A retrospective chart review was performed of the Cleveland Clinic experience from 1997 to 2003 with the prolonged (>or=6 cycles) use of PLD in individuals with gynecologic malignancies. PLD was administered at doses ranging from 20 to 40 mg/m(2) (infused over 1-2 h) with treatment repeated every 4-6 weeks. While on therapy, patients underwent routine evaluation for toxicity, including the performance of multigated acquisition (MUGA) scans for determination of left ventricular ejection fraction (LVEF).

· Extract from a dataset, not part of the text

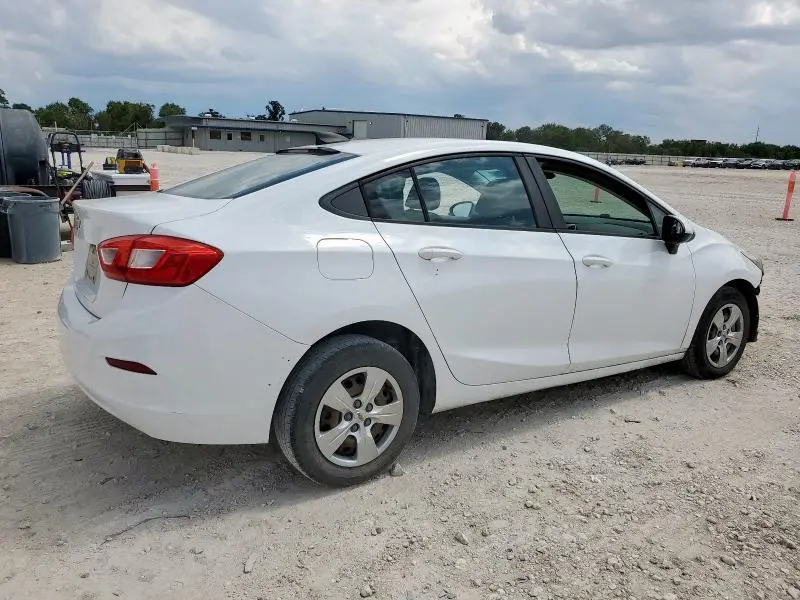 2016 CHEVROLET CRUZE LS  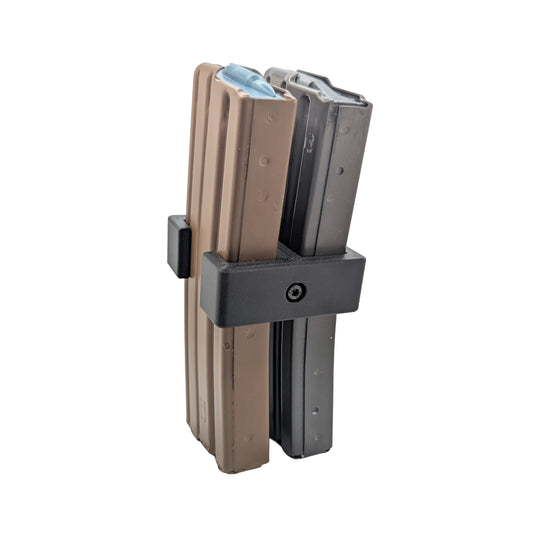 Mag Coupler for AR15 Metal Mags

Twenty-two patients (18 ovarian cancer; 3 primary peritoneal cancer, 1 endometrial cancer) met the criteria for inclusion in this analysis. This population had received a median of 4 (range 1-8) chemotherapy regimens before initiation of PLD. No patient had previously received doxorubicin. The median number of PLD cycles and cumulative dose of LD delivered were 8 (range 6-26) and 483 mg/m(2) (256-1699 mg/m(2)), respectively. One or more MUGA scans were obtained in 14 (64%) patients. No patient experienced clinical evidence (physical findings, symptoms) of heart failure. There were no dose reductions due to cardiac dysfunction, and no patient experienced a decline in LVEF to <50%, or a >or=10% reduction compared to a baseline value.

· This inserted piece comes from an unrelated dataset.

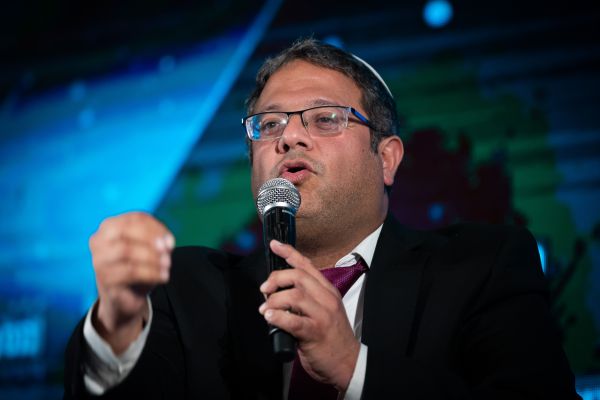 האם עוצמה יהודית תתמודד גם בבחירות הקרובות? צפו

Prolonged therapy with PLD is possible in appropriately selected patients with advanced gynecologic malignancies. In this clinical setting, cardiac dysfunction does not appear to be a toxicity, which limits the duration of treatment. The development of evidence-based guidelines for monitoring cardiac function in this patient population would be quite useful.